----- Data in this exercise
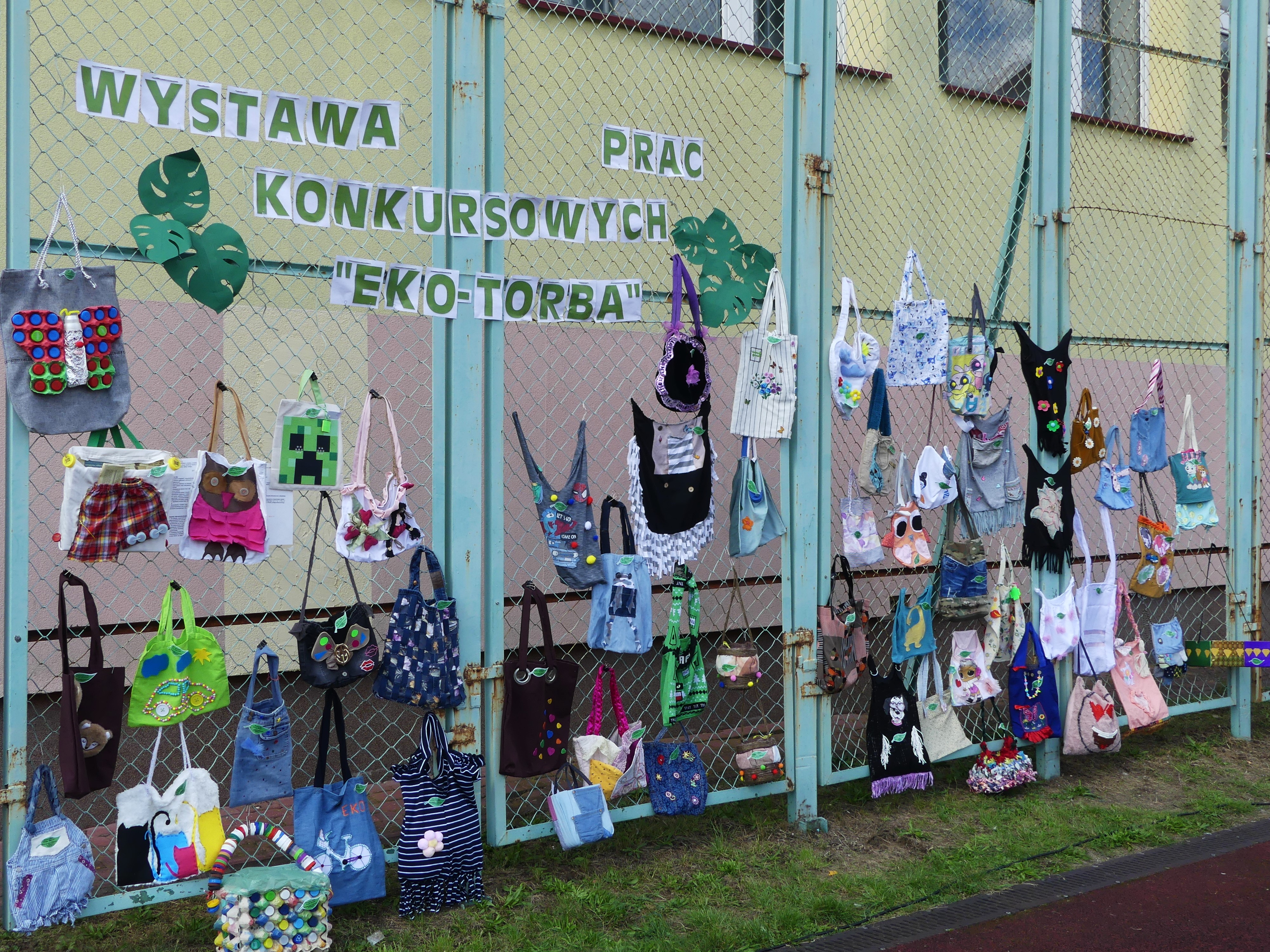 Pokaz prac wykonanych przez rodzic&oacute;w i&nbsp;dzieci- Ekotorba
----------
----- Data in this exercise
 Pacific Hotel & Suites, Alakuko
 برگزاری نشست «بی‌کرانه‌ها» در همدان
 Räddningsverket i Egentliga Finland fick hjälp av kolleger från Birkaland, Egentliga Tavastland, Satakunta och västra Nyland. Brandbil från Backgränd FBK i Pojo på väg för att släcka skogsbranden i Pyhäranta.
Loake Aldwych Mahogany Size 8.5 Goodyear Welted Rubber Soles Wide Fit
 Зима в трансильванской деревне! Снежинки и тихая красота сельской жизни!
----------
Your instructions:
Looking back over the data above, restate word for word the lines that begin at the line with "Loake Aldwych Mahogany" and end at the line with "Зима в трансильванской", inclusive.

Task answer:
Loake Aldwych Mahogany Size 8.5 Goodyear Welted Rubber Soles Wide Fit
 Зима в трансильванской деревне! Снежинки и тихая красота сельской жизни!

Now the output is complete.